Lakhbir Jaspal, who earned £147,000 a year at West Bromwich-based not-for-profit Accord and lived in a £1m home, submitted invoices from a bogus firm he created just to steal from the group.
Police say Jaspal, aged 47, put in six bills to Accord, including one for £97,980, from a mystery company called Serus, which he bought the naming rights to for just a few hundred pounds online.
Accord became suspicious when two invoices were submitted in May this year for £67,680. Jaspal was confronted and admitted what he had done.
He was arrested in August, and told police he needed to fund residential care for his mother and was in 'constant worry' over meeting the bills.
But detectives found that the care was paid for by the NHS, and his family had spent £13,000 on jewellery in two months.
Jaspal went on to admit using the cash to buy franchises in Subway and was jailed for three years today at Birmingham Crown Court after admitting eight charges of fraud by abuse of position.
Accord gets Government grants to build affordable homes for low-income families and vulnerable people.
It says it's one of the largest housing and social care organisations in the Midlands, providing 13,000 homes and health and social care to 80,000 people and employing nearly 5,000 people.
It has offices in Rowley Regis, Walsall, West Bromwich and Wolverhampton.
A spokesman said: "We were shocked and disappointed with the actions of this one individual within our company who abused his position to steal.

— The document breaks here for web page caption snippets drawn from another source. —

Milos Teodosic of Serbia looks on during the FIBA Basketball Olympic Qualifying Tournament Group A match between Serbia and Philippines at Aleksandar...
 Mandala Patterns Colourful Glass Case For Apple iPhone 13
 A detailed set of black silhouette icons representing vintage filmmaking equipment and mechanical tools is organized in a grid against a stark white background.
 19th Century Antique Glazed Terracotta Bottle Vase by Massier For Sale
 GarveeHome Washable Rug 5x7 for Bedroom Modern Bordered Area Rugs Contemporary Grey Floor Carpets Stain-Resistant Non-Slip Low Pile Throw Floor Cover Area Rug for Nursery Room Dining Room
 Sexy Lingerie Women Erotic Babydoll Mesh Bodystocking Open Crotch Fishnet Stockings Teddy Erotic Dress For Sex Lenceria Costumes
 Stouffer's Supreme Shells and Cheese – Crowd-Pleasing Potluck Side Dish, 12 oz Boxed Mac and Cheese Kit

This was an isolated incident and we have a zero tolerance policy against any such crimes. We have a legal agreement in place to recover the money and all costs, and we would like to reassure our staff and customers that it is business as usual for the Group.
"We would particularly wish to thank the Police, especially the lead officer, DC Delaney. They have worked tirelessly to bring the investigation to court in a speedy and highly professional way and they have done an excellent job in securing this conviction."

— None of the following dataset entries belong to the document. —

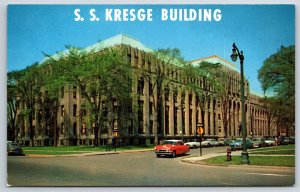 Detroit Michigan~SS Kresge Company Home Office~Cass Park~1950s Postcard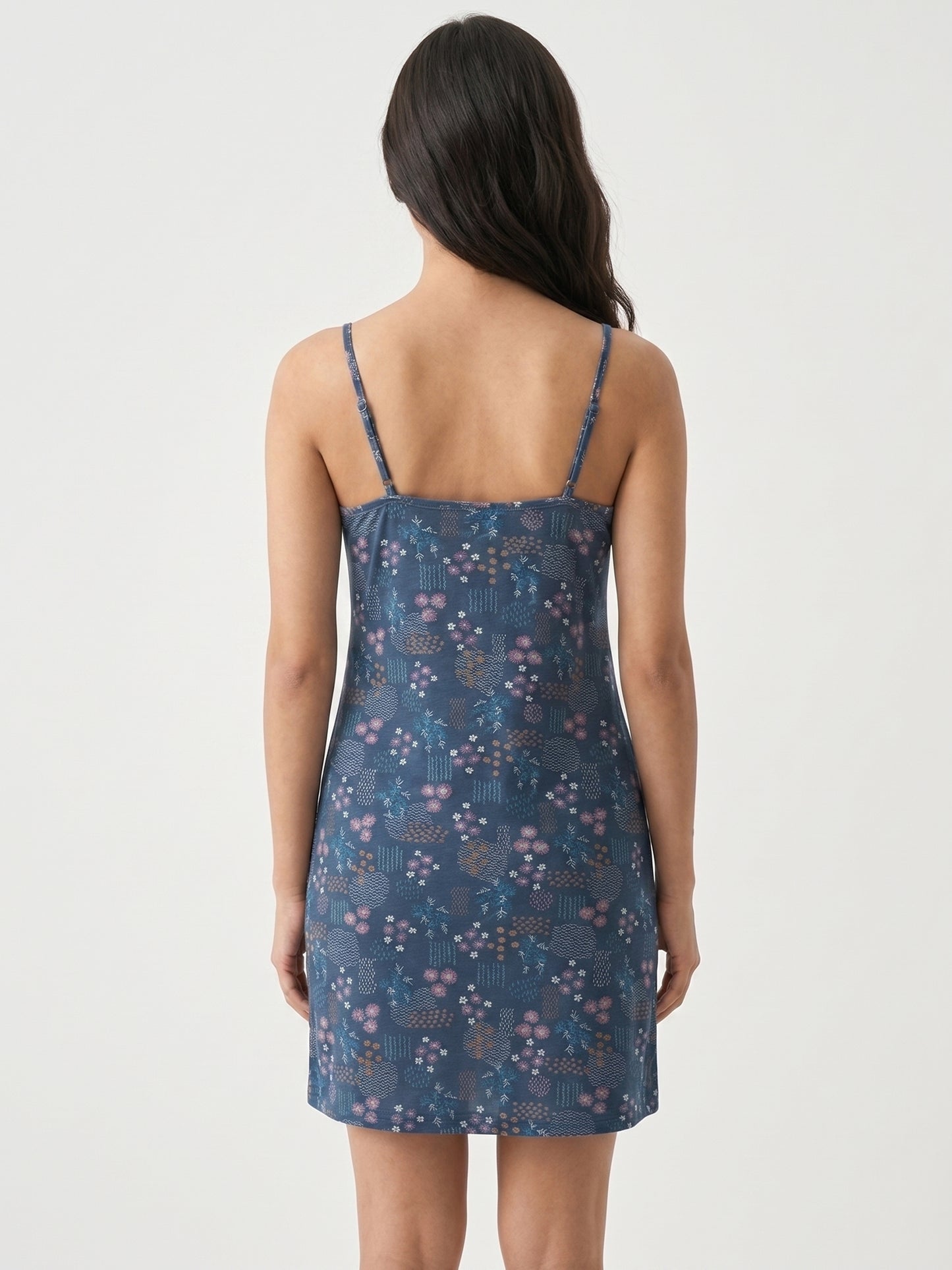 Inner Sense Bamboo Organic Cotton Nightdress-ISL069-Navy Flower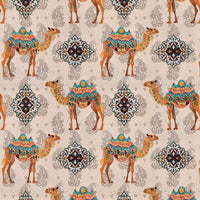 Rang Mahal 108" x 108" Cotton Bedsheet Set with 2 Pillow Covers – Royal Camel in Beige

His first Subway franchise was bought on Coventry's Arena Park in December 2012 for £245,000. He handed over a cheque for £97,000 on April 1 this year for a second in Radford, Coventry, and was trying to get a third on the city's Gallagher Retail Park.
Dc Mark Delaney, of West Midlands Police, said: "It is a classic case of pure greed: not satisfied with a £147,000 a year salary he spotted an opportunity to defraud the company - one that is part funded by the taxpayer - to line his own pockets.

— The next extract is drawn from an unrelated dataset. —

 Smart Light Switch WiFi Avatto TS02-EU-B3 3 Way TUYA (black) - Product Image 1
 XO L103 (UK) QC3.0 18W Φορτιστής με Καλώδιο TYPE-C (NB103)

"Jaspal hid the Serus invoices in a 'new initiatives' account; he was the principal budget holder with responsibility for monitoring and authorising expenditure.
"He is a qualified accountant and abused his accountancy skills and his senior position to hide the fictitious invoices in Accords' account figures.
"It's particularly distasteful he tried claiming he needed the money to pay for his mother's end-of-life care - but our enquiries showed she was admitted to a home in December 2013, more than 12 months after his last successful fraudulent invoice."
"Jaspal admitted the fraud and has agreed to pay all the money back plus a substantial amount towards Accord's legal costs.
"But this sentence shows the courts take a dim view of trust abuses like this and that offenders can expect to be jailed."